(Bloomberg) — Traders are splurging billions of dollars on “complex” ETFs to ride out the crushing bear market across assets — just as Wall Street watchdogs threaten intrusive measures to limit retail participation.
Issuers including ProShares Advisors LLC, Direxion and Innovator ETFs have been flooded with nearly $24 billion of inflows this year into these typically derivatives-powered exchange-traded funds. Investors are navigating the crash in everything from stocks and crypto to fixed income by using the ETFs to bet on more pain or to nab outsize returns during market rebounds.
The bulk of the trading instruments likely fall under the “complex” banner, an ever-expanding category that includes leveraged and inverse vehicles and — if regulators get their way — potentially digital tokens and so-called defined-outcome trades.

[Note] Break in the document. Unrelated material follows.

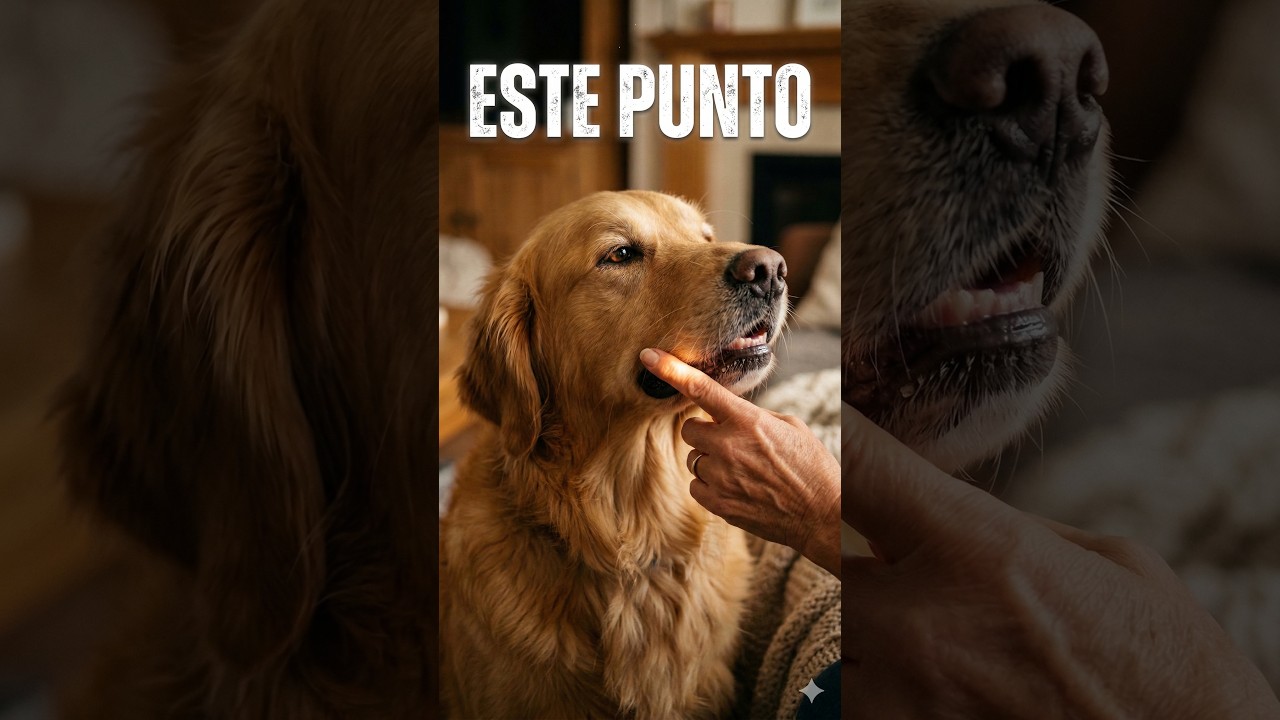 Él nunca olvidará esto/Lo que los perros recuerdan y aman de ti. Psicologia canina.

The products are a growing corner of the almost $6.4 trillion industry, defying words of caution issued by the US Securities and Exchange Commission and others.
“We have this bizarre situation where products have launched and then the SEC staff is saying not to use them,” said Dave Nadig, an ETF expert at data provider and research consultants VettaFi.
Innovator ETFs, which manages defined-outcome trades that hedge market exposures, is fresh off its first-ever billion-dollar quarter of inflows. A ProShares fund that tracks three-times the inverse performance of the Nasdaq 100 got a record one-day inflow of $460 million last week. Assets in US leveraged and inverse trading ETPs have climbed around 8% from the end of June to $72 billion, according to Bloomberg Intelligence data.
Meanwhile, the first single-stock ETFs launched in the US this month, with more than 80 such filings sitting in the SEC’s queue.
The Financial Industry Regulatory Authority called for comments in April on whether more measures should be introduced to raise the barriers to entry for complex products. After receiving a record 12,000, the agency is evaluating whether any rule changes are warranted, said a spokesperson in an email to Bloomberg News.
In an industry defined by rock-bottom fees, it’s inevitable that issuers will attempt to meet that demand with “hyper-narrow, heavily structured products” that command higher expense ratios, according to Nadig. “There’s very little green field left to build straight-forward and low-cost products, so the only things left are more complex products.”
That’s the case behind the first US single-equity ETFs. AXS Investments launched eight such funds last week with expense ratios of 1.15%, within days of SEC Chair Gary Gensler saying such products “present particular risk” in a press call. Gensler’s warning followed a call from Commissioner Caroline Crenshaw for the agency to adopt new rules.
Yet single-stock funds have been able to list in part thanks to rule changes in 2019 and 2020 that allow leveraged and inverse ETFs to launch without first getting the SEC’s approval. That’s led to the current dynamic where regulators are “simultaneously dissing and approving” these ETFs, Nadig said.
“Complex doesn’t mean more risky, you just have to understand what it is,” Nadig said. “For example, DBMF and PFIX absolutely are complex, but the right tools for the market we’re in right now.”
The $440 million iM DBi Managed Futures Strategy ETF (ticker DBMF), which holds futures contracts across commodities and equities, has returned 24% this year thanks to the one-way inflation momentum trade. The $292 million Simplify Interest Rate Hedge ETF (PFIX), which uses options to ride floating interest rates, has gained about 44% in 2022.
While the S&P 500 has entered bear-market territory, the $175 million Innovator Equity Power Buffer ETF-August (PAUG), which seeks to buffer against the first 15% of losses in the SPDR S&P 500 ETF Trust (SPY) over its 12-month outcome period, has outperformed the fund by 8% since last July.
“Even though our growth is very good and very strong, it could have been much faster and much better if they had not put this label of complex product on our funds,” said Bruce Bond, chief executive officer at Innovator. “They’ve made it difficult for us to get in established brokerage distribution.”
Derivatives-heavy products labeled as “complex” by some regulators aren’t necessarily risky, according to Deborah Fuhr, co-founder of ETFGI. But curbing access to certain speculative funds may be no bad thing. She is hoping Finra will clarify things soon enough.
“Many people feel that there are a large number of investors who don’t understand how many leveraged and inverse products work,” she said.